Lieb Vaterland, magst ruhig sein[80].
 
   Вы только прислушайтесь к этому magst, – точно лев – львенку! Ведь это сам Рейн говорит: Vater Rhein![81] Как же тут не быть спокойным?!
 
   Когда меня спрашивают: кто ваш любимый поэт, я захлебываюсь, потом сразу выбрасываю десяток германских имен. Мне, чтобы ответить сразу, надо десять ртов, чтобы хором, единовременно. Местничество поэтов в сердцах куда жесточе придворного. Каждый хочет быть первым, потому что есть первый, каждый хочет быть единым, потому что нет второго. Гейне ревнует меня к Платену, Платен к Гёльдерлину, Гёльдерлин к Гёте, только Гёте ни к кому не ревнует: Бог!
 
   – Что вы любите в Германии?
   – Гёте и Рейн.
   – Ну, а современную Германию?
   – Страстно.
   – Как, несмотря на...
   – Не только не смотря – не видя!
   – Вы слепы?
   – Зряча.
   – Вы глухи?
   – Абсолютный слух.
   – Что же вы видите?
   – Гётевский лоб над тысячелетьями.
   – Что же вы слышите?
   – Рокот Рейна сквозь тысячелетия.
   – Но это вы о прошлом!
   – О будущем!
 
   Гёте и Рейн еще не свершились. Точнее сказать не могу.
 
   Франция для меня легка. Россия – тяжела. Германия – по мне. Германия – древо, дуб, heilige Eiche[82] (Гёте! Зевес!). Германия – точная оболочка моего духа. Германия – моя плоть: ее реки (Ströme!) – мои руки, ее рощи (Heine!) – мои волосы, она вся моя, и я вся – ее!
 
   Edelstein. – B Германии я бы любила бриллиант. (Edelstein, Edeltrucht, Edelmann, Edelwein, Edelmuth, Edelblut[83]...)
 
   А еще: Leichtblut. Легкая кровь. He легкомыслие, а легкокровие. А еще: Uebermuth: сверх-сила, избыток, через-край. Leichtblut и Uebermuth – как это меня дает, вне подозрительного «легкомыслия», вне тяжеловесного «избытка жизненных сил».

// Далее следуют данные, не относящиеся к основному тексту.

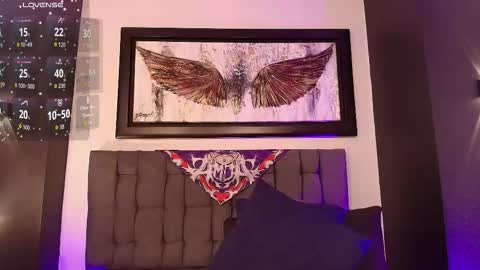 psycodoll online show from March 19, 2026, 12:53 pm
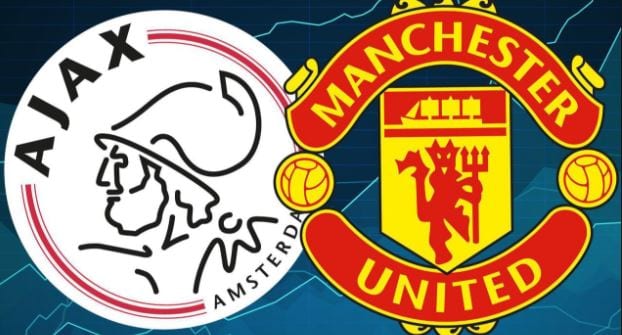Soi kèo Ajax vs Man Utd hôm nay lúc 1h45 ngày 25/05 : Cánh cửa vinh quang 1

   Leichtblut и Uebermuth – не все ли те боги? (Единственные.)
   И, главное, это ничего не исключает, ни жертвы, ни гибели, – только: легкая жертва, летящая гибель!
 
   A Gottesjüngling![84] Не весь ли Феб встает в хороводе своих любимцев!
   A Urkraft[85], – He весь ли просыпающийся Хаос! Эта приставка: Ur! Urquelle, Urkunde, Urzeit, Urnacht[86]
 
Urahne, Ahne, Mutter und Kind
In dumpfer Stube beisammen sind...[87]
 
   Ведь это вечность воет! Волком, в печной трубе. Каждая такая Urahne – Парка.